International Meeting for Autism Research: Association Between Regression and Self Injurious Behaviors Among Children with ASD

Association Between Regression and Self Injurious Behaviors Among Children with ASD

Thursday, May 12, 2011
Elizabeth Ballroom E-F and Lirenta Foyer Level 2 (Manchester Grand Hyatt)
11:00 AM
E. Lance1, J. York2, L. C. Lee3 and A. W. Zimmerman4, (1)Neurodevelopmental Medicine, Kennedy Krieger Institute, Baltimore, MD, (2)Johns Hopkins School of Public Health, Baltimore, MD, (3)Epidemiology, Johns Hopkins Bloomberg School of Public Health, Baltimore, MD, (4)Kennedy Krieger Institute, Baltimore, MD, United States
Background: Self injurious behaviors (SIB) are challenging clinical issues in individuals with autism spectrum disorders (ASD).  McDermott, et al (2008) found that the relative risk of SIB in autism was 7.6 times greater than in typical children.  Risk factors for SIB in developmentally disabled children include male gender, severe intellectual disability, an ASD, and communication disorders (McClintock, et al 2003).  Previous studies show that children with increased severity of autism, lower levels of speech, adaptive skills and younger age are more likely to have SIB (Baghdadli et al 2003).  Developmental regression has not been previously studied as a potential risk factor in self injury.  This study is one of the first and largest to utilize inpatient data to look at risk factors, specifically regression, associated with different types of SIB.

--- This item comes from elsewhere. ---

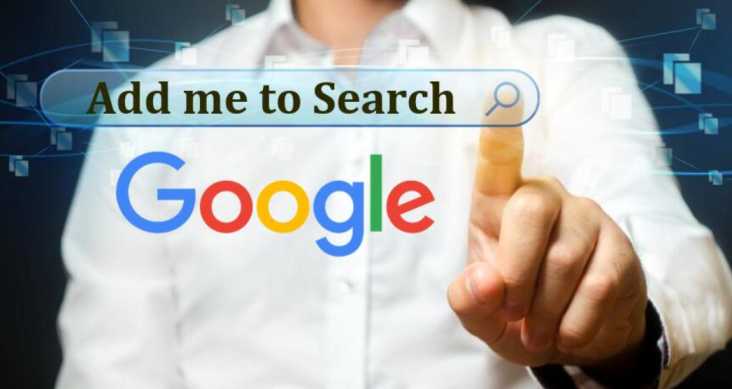 Optimizing Your Google People Card for Maximum Visibility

Objectives:  The objectives of the study are to describe the frequency, type and severity of SIB in children with an ASD, and to examine the association of SIB and regression in ASD.

Methods: Patients were eligible if they were treated as inpatients on the neurobehavioral unit (NBU) between January 1995 to December 2004.  Subjects included were between three and seventeen years of age.  Charts were reviewed if they included admitting diagnoses of SIB and a diagnosis of autism or ASD.  Medical records of 132 patients were reviewed; data were collected on the type and frequency of SIB and presence of language, social, or behavioral regression.  Other information gathered were global assessment scale scores, level of intellectual disability, and other medical diagnoses.

Results:  Of the 132 patients, 97 (73.5%) had a diagnosis of autistic disorder and 35 (26.5%) of ASD.  Information on language regression was available for 105 patients, social regression for 81, and behavioral regression for 79.  Among those with data on regression, 42 (31.8%) reported language regression, 26 (19.7%) had social regression, and 22 (16.7%) had behavioral regression.  SIB were not significantly associated with language regression; however, patients with social regression were more likely to have skin picking/pinching (Odds ratio (OR) = 3.11, 95% CI: 1.03-9.36), but less head banging (OR = 0.27, 95% CI: 0.08-0.90), as compared to those who did not have social regression.  Those with behavioral regression showed significantly less hitting (OR = 0.34, 95% CI: 0.12-0.96), elopement (OR = 0.30, 95% CI: 0.10-0.94), and aggression (OR=0.03, 95%CI: 0.003-0.22) as compared to those without behavioral regression.

Conclusions: In children with autistic disorder or an ASD, children with a history of language regression did not have a significant association with SIB.  Children with a history of social regression were more likely to have SIB of skin picking/pinching.  Children with a history of behavioral regression had significantly less hitting, elopement, and aggression.  In our continuing studies, we will look at the frequencies and subtypes of SIB and other medical diagnoses in autism and ASD.